**ASSIGNMENT**
No pictures in the copy. Write out the listing below exactly.
::: GIVEN ENTRIES :::
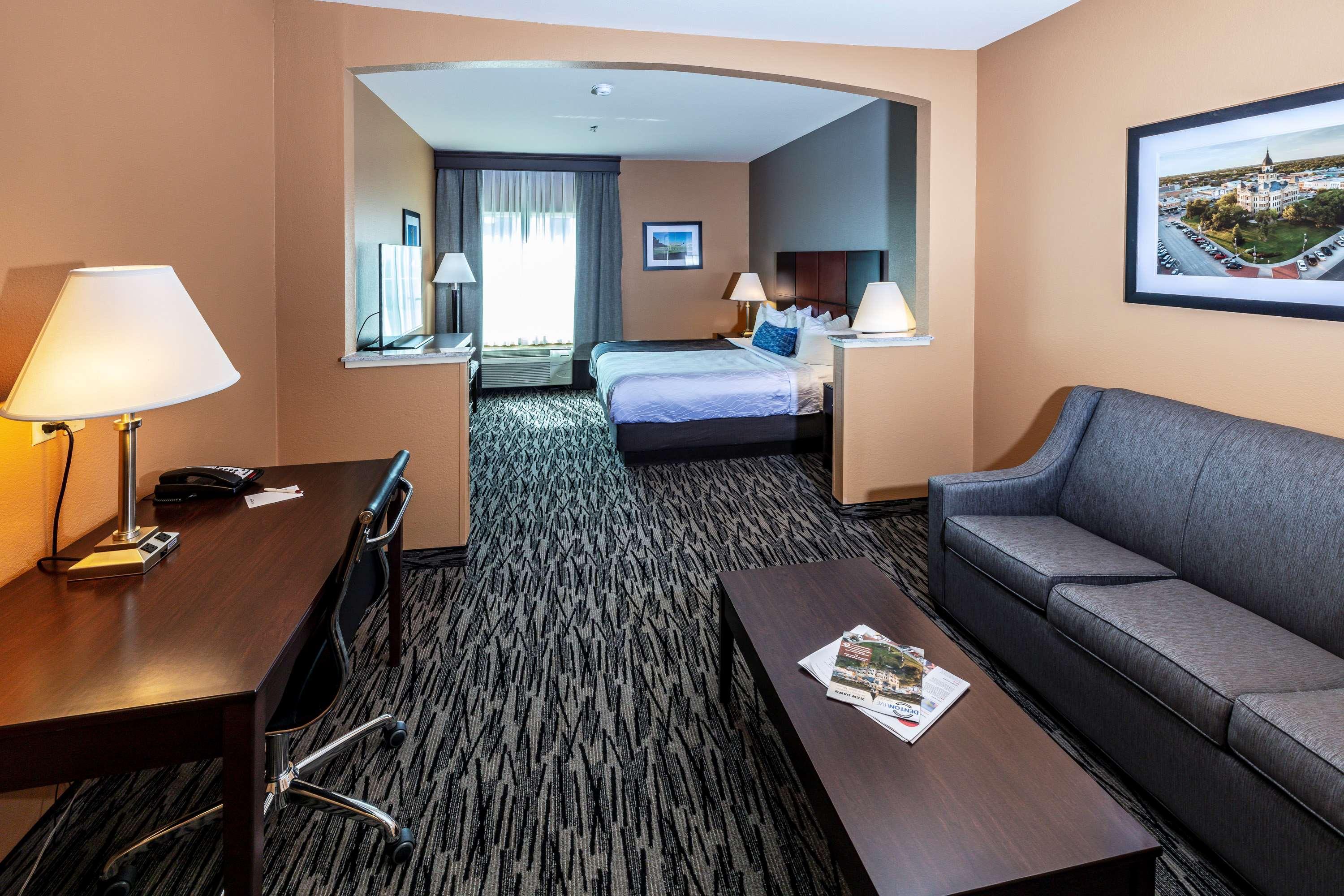 Best Western Plus Denton Inn & Suites Екстер'єр фото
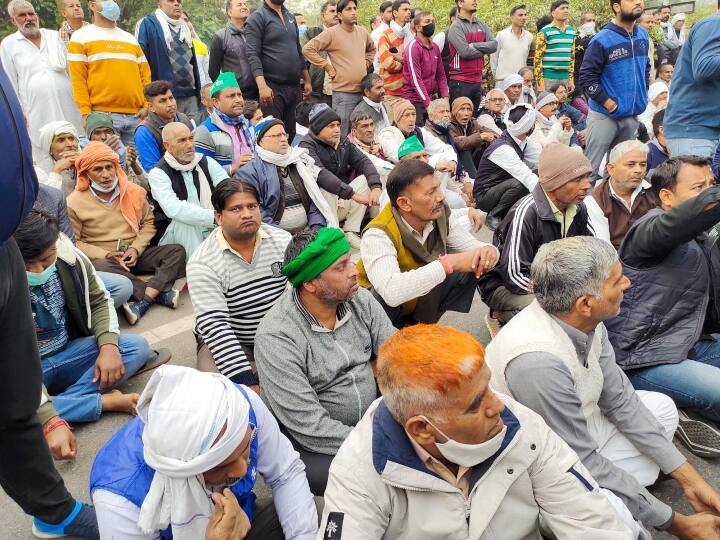 farmers protesting against Noida Authority protest at residence of authority CEO Ritu Maheshwari stopped Noida Gate sat road Delhi Noida ANN किसानों ने नोएडा गेट पर दिल्ली से नोएडा आने वाले मार्ग को किया जाम, भारी संख्या में पुलिस प्रशासन मौजूद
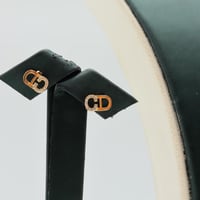 طقم ذهب عيار 18 ناعم وزن 2 جرام بإطلالة أنيقة ناعم...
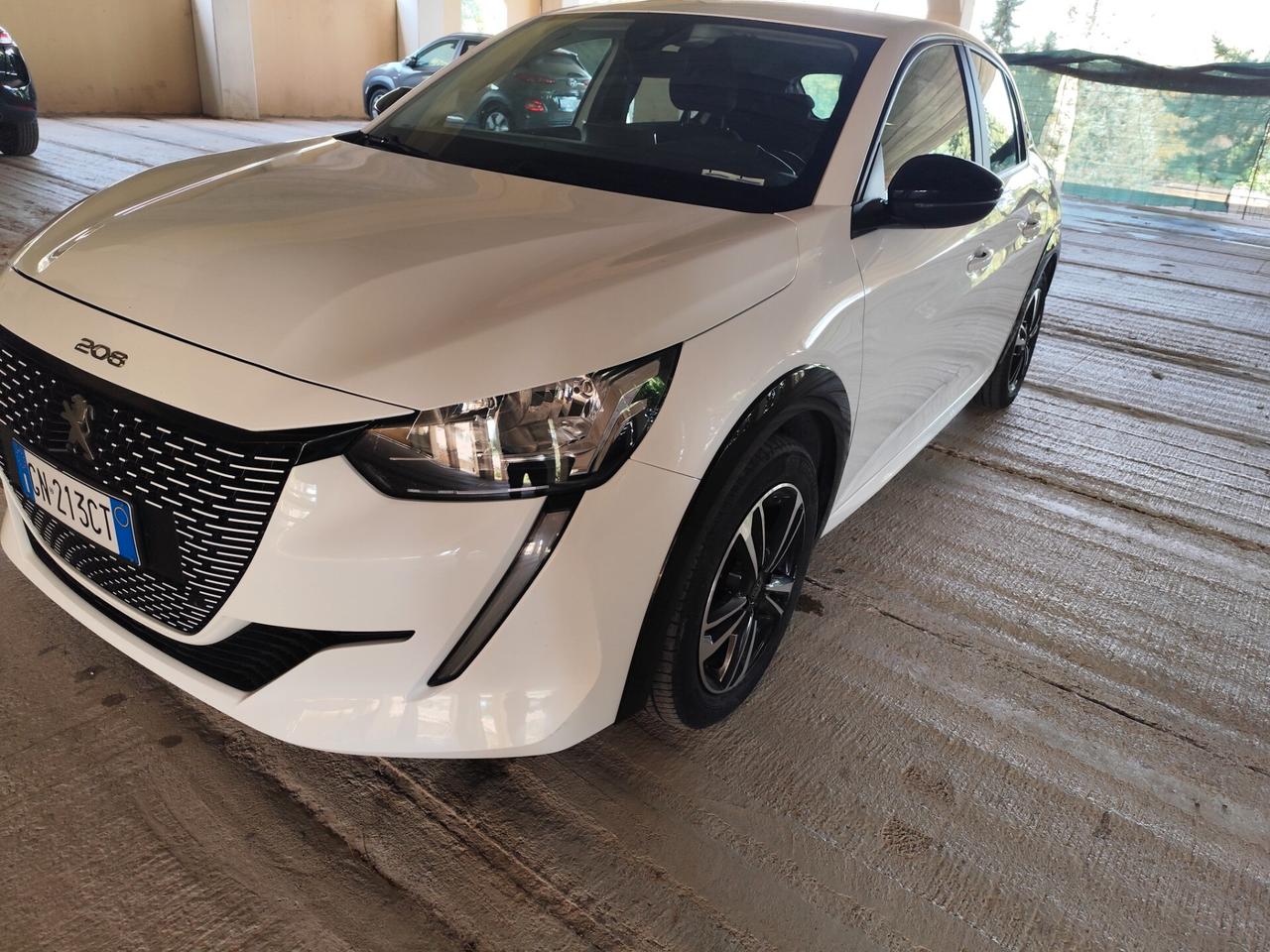 Peugeot 208 motore elettrico 156 CV 5 porte GT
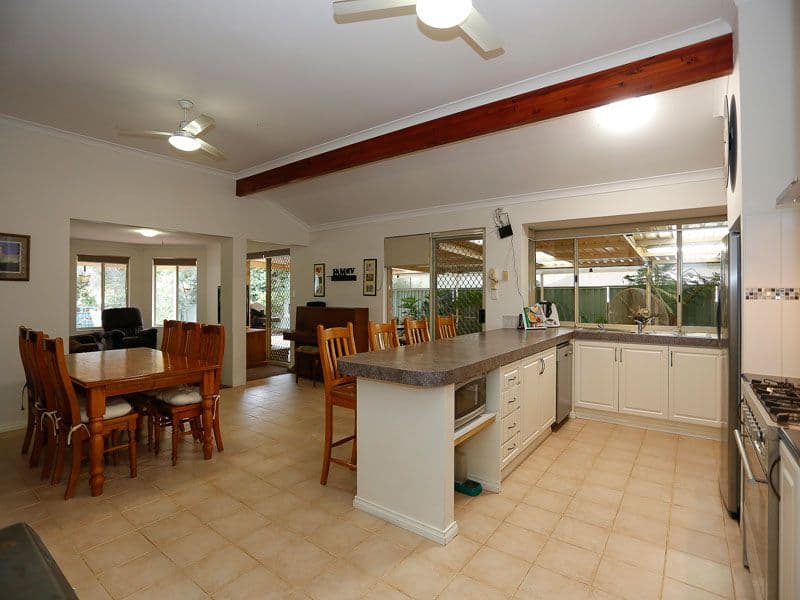 5 Bourke View, Jane Brook WA 6056, Jane Brook - Thumbnail 7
:::
**EXERCISE ANSWER**
 Best Western Plus Denton Inn & Suites Екстер'єр фото
 farmers protesting against Noida Authority protest at residence of authority CEO Ritu Maheshwari stopped Noida Gate sat road Delhi Noida ANN किसानों ने नोएडा गेट पर दिल्ली से नोएडा आने वाले मार्ग को किया जाम, भारी संख्या में पुलिस प्रशासन मौजूद
 طقم ذهب عيار 18 ناعم وزن 2 جرام بإطلالة أنيقة ناعم...
 Peugeot 208 motore elettrico 156 CV 5 porte GT
 5 Bourke View, Jane Brook WA 6056, Jane Brook - Thumbnail 7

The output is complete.